Más fresco está el deseo de que Hugo Yasky sea culpable de fraude en las elecciones de la CTA y que su cómplice en el fraude sea Hugo Moyano, y el de quienes desean que la hija de los Kirchner, que estudia en Nueva York, sea denunciada por sus vecinos de Manhattan por causar ruidos molestos a la noche. Y están los deseos internacionales: por ejemplo que Obama desmienta haber felicitado a las Madres de Plaza de Mayo, o que Nestor Kirchner fracase al frente de la UNASUR y que Cristina deje de ser invitada a inaugurar cuanto evento internacional de importancia haya en el mundo. Y el último, aparecido hace poco, que consiste en el deseo de que una vez que los chilenos logren salvar a los mineros enterrados a 700 metros de profundidad, aquí, en una mina a cielo abierto de Cuyo, un minero de pueblo originario quede apretado por una piedra chiquita y no haya tecnología que lo salve.

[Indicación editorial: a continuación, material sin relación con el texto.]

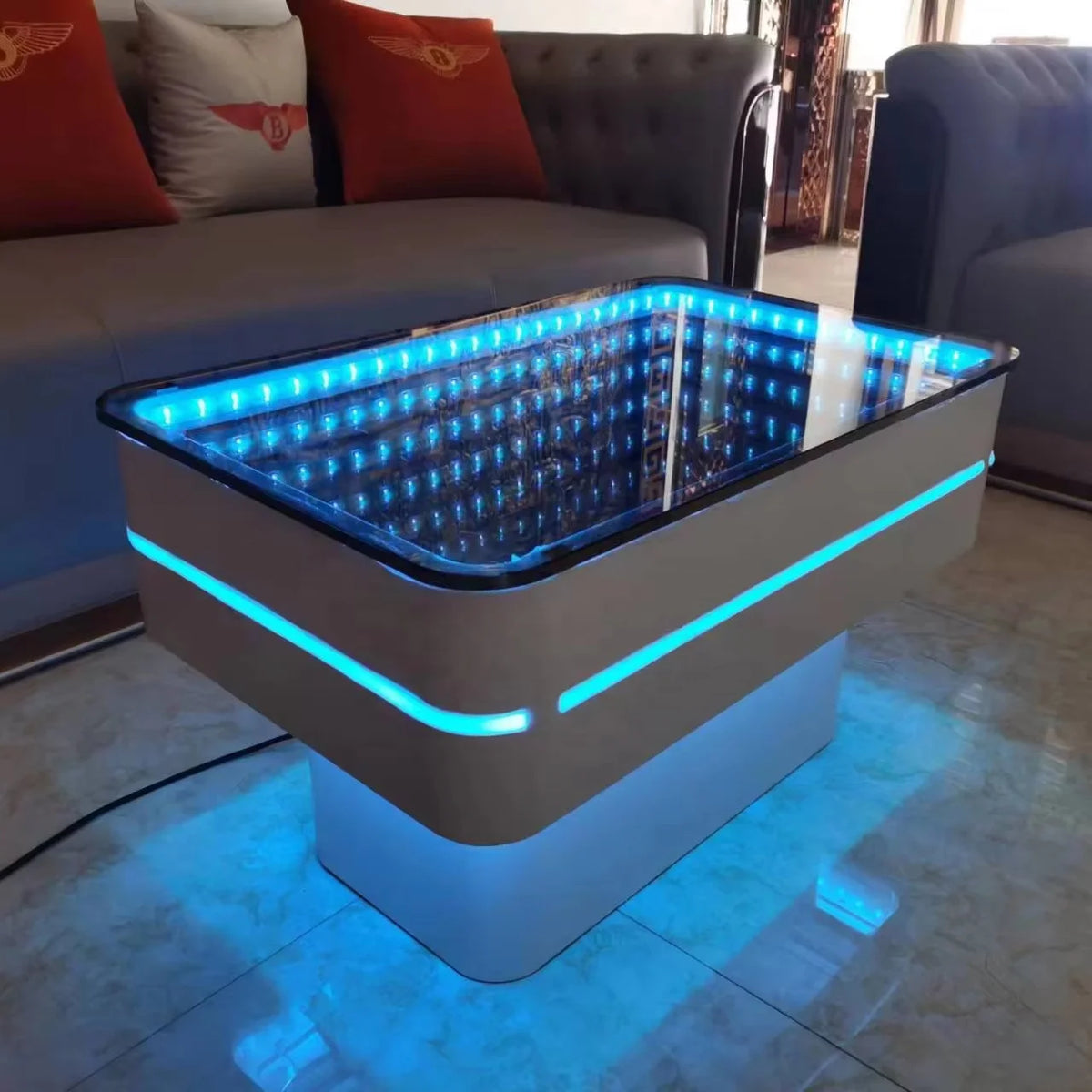 Contemporary Design Luxury LED Infinity Mirror Effect Stainless Steel KTV Table Luminous Bar Table For Night Club Karaoke Room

Hay argentinos que desean que la inflación aumente hasta hacer colapsar la economía, y no faltan quienes desean que cuando llegue el verano y se enciendan los aire acondicionados, justo las represas se queden sin agua y haya un apagón catastrófico salvo en la casa del ministro De Vido. Y ni hablar de los que se mueren de ganas para que un matón K, con remera negra y logotipo K, le pegue un pellizco en las nalgas a un periodista delicado para que la SIP lo considere un ataque a la libertad de prensa y pida la intervención de la ONU. También flota en el aire un deseo que hasta me da pudor incluirlo: Es el deseo de que una de las parejas gay cometa alguna perversión en la crianza de un hijo, para que así Bergoglio y Mirtha Legrand salgan a decir que ellos auguraron que el casamiento igualitario era peligroso… Sólo por una cuestión de buen gusto no incluyo aquí los numerosos deseos explícitos de muertes varias y esperanzados deseos de golpes de estado.
Esta es una lucha entre deseos no inocentes. Por fortuna también son muchos los que tienen buenos deseos. Y me atrevo a decir que últimamente son cada vez menos los que tienen deseos indeseables.